A juzgar por este artículo, puede parecer que me gusta el tenis, y la realidad es que me importa un carajo. A mí, el tenis actual hace que eche de menos los partidos entre Björn Borg y John McEnroe, cuando los tenistas jugaban con unas raquetas de madera que parecían cucharillas de café, y montaban unos shows de bronca en la pista que formaban parte de un espectáculo donde el juego tenía una estética menos robótica. Nadal siempre me ha parecido un tipo aburrido —en general, los tenistas tienen una dialéctica tan precaria como los corredores de motos—, pero entendía las pasiones que despertaba. A un conocido mío de Madrid me atreví a decirle que Djokovic era un tenista más completo que Nadal y que acabaría ganando más Grand Slam que el manacorense, y casi le da un ictus. El tiempo, por suerte, me ha dado la razón.

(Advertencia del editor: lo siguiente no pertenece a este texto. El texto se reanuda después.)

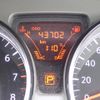 nissan note 2020 -NISSAN--Note DBA-E12--E12-701927---NISSAN--Note DBA-E12--E12-701927- image 15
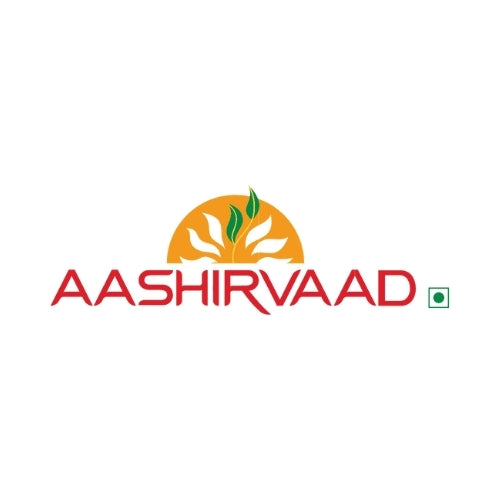 Shop Aashirvaad Brand Essentials Lakshmi Stores UK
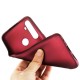 Realme 6İ Kılıf Zore Premier Silikon Kapak Realme 6İ Kılıf Zore Premier Silikon Kapak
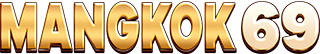 Mangkok69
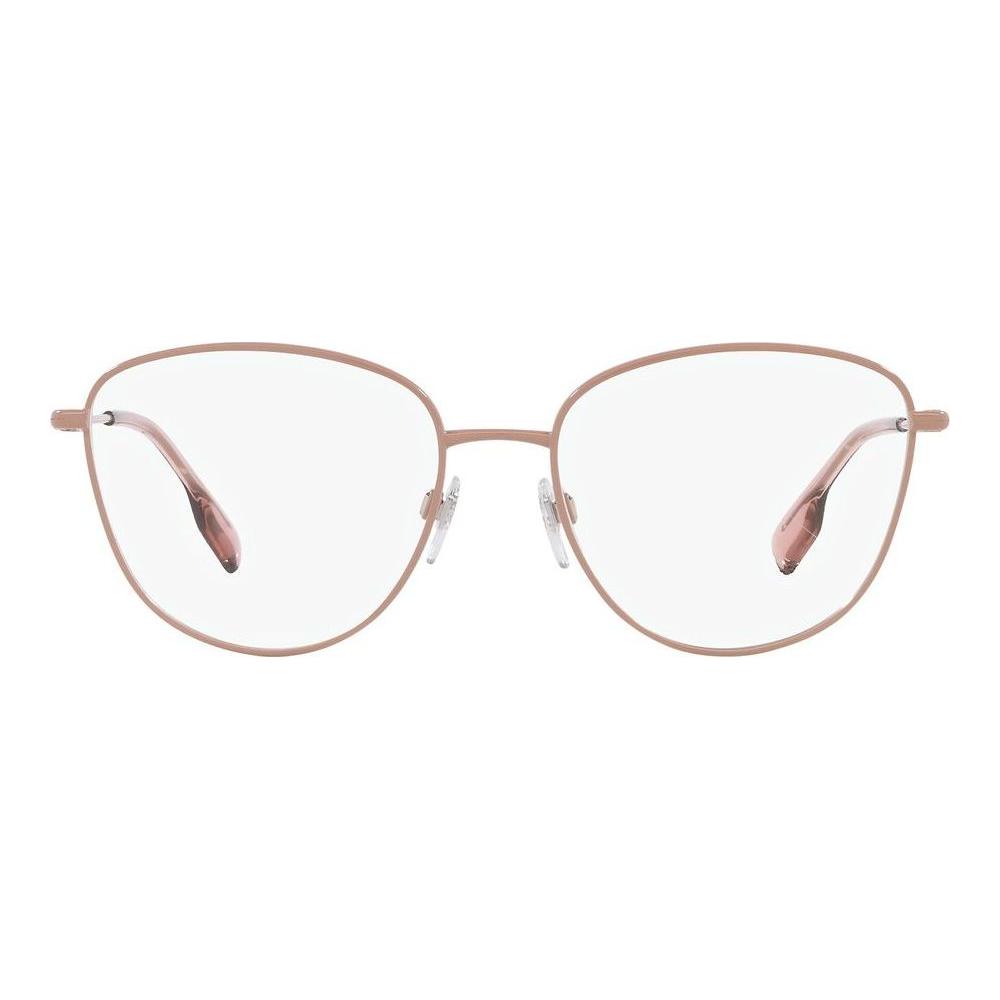 BURBERRY MOD. VIRGINIA BE 1376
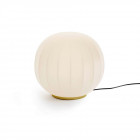 Luceplan Lita Table Lamp in Large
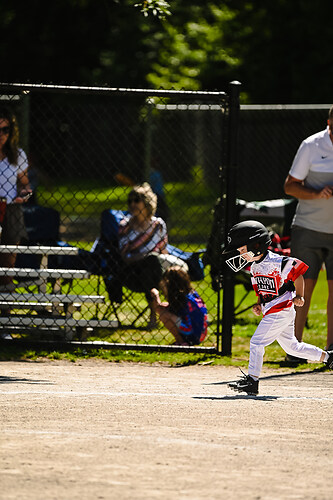 TeeballDay24-HS2_5439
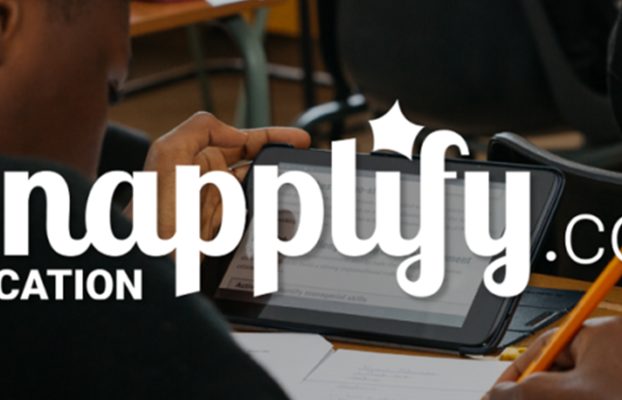 SA ed-tech startup Snapplify expanding its presence in West Africa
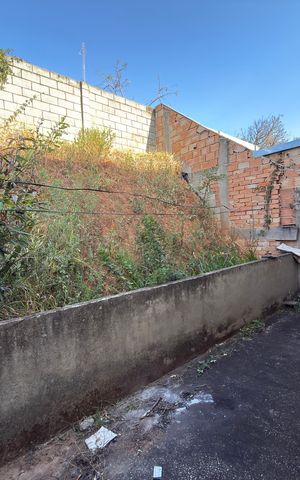 Casa de condomínio para alugar com 80m², 2 quartos e 1 vagaÁrea externa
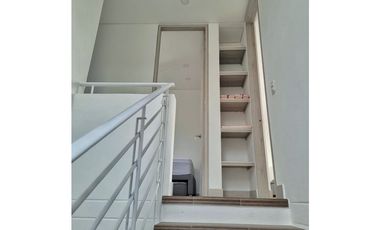 Maat vende Casa Condominio - Villeta 89M2 $490Millones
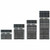 8808-SYS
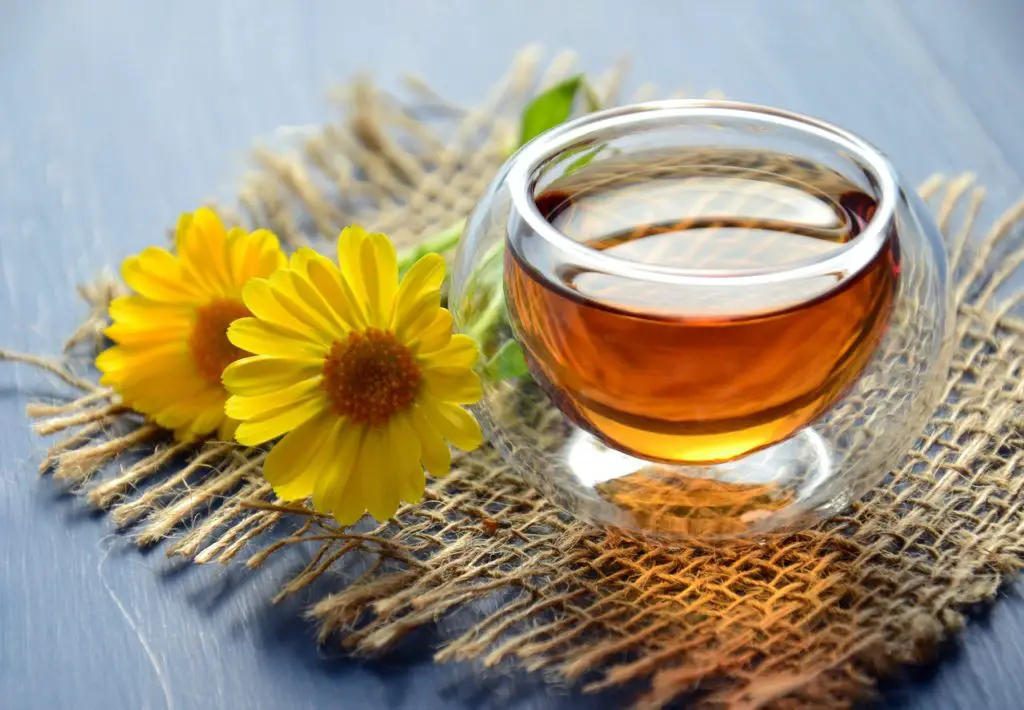 how to soften honey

A los españoles, el adiós de Nadal les deja huérfanos ante los "putos" gabachos, siempre tan altivos. Quizás estaría bien hacer una consulta popular y decidir si queremos que los huesos de Rafa acaben en el Panteón de los Hombres Ilustres de Madrid. Honores tiene, y más si logra ser presidente del Real Madrid. Yo ya estaré en el limbo, pero lo veo: "Vosotros tenéis a Voltaire o a Zola, nosotros tenemos a Nadal". Me apuesto lo que quieras que en un tiempo no muy lejano, serán más importante el tenis y los tenistas que la literatura y los escritores, con toda la IA dedicada a escribir novelas premiadas en los principales galardones nacionales. Y el adiós de Nadal no solo deja huérfanos los peperos y los de Vox, sino también a los socialistas y a un gran sector de multiculturalistas miembros de Sumar o de Comuns, aquellos que defienden una sociedad multicultural con las virtudes de un reloj Casio: tiene de todo menos la hora, en catalán, por supuesto. Ya me entendéis.

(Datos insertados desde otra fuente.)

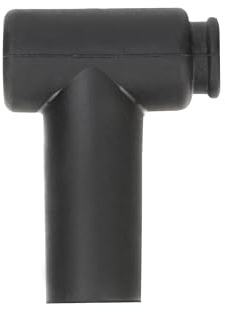 Spark Plug Cap Replace for NGK 8338/LB05EMH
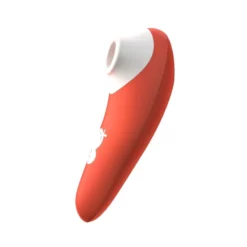 ROMP Switch Aspirateur Clitoridien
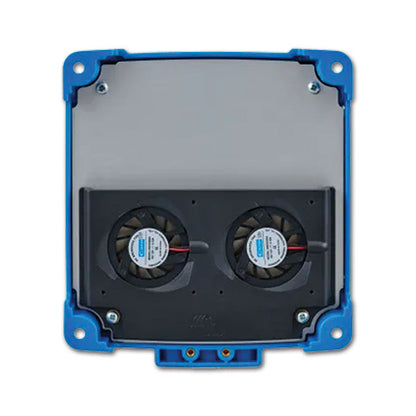 Caricabatterie Victron Orion XS Smart 12/12 • 70 A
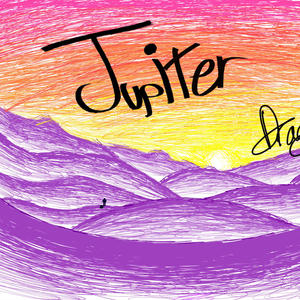 Jupiter (Explicit)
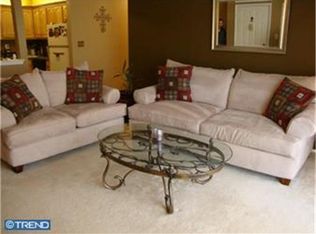 63 Holly Ct, Hamilton, NJ 08619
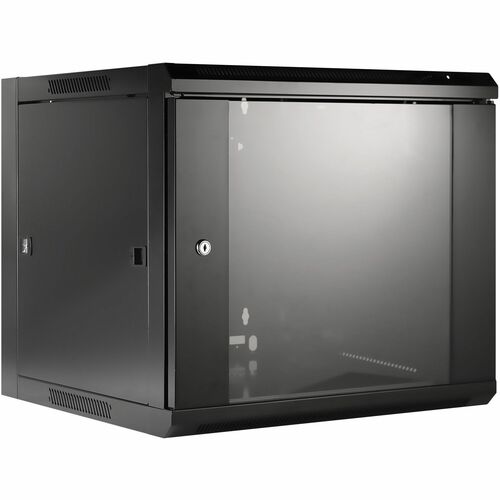 Intellinet 711777 - Vista lateral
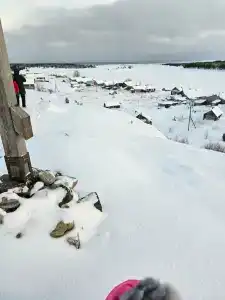 Энгозеро - 48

Negar que Nadal ha sido uno de los mejores tenistas de la historia sería negar la evidencia, pero no soporto toda la corte que lo idolatra como si fue un nuevo Cid Campeador. Y lo que más añoraré es el "vamos, Rafa" y la testosterona que desprendía el alarido. Porque, si algo es Rafa Nadal, es un hombre de esos que se visten por los pies, y no como estos gabachos, que tienen a un armenio inmigrante y comunista enterrado en el Panteón y, seguramente, a algún mariquita.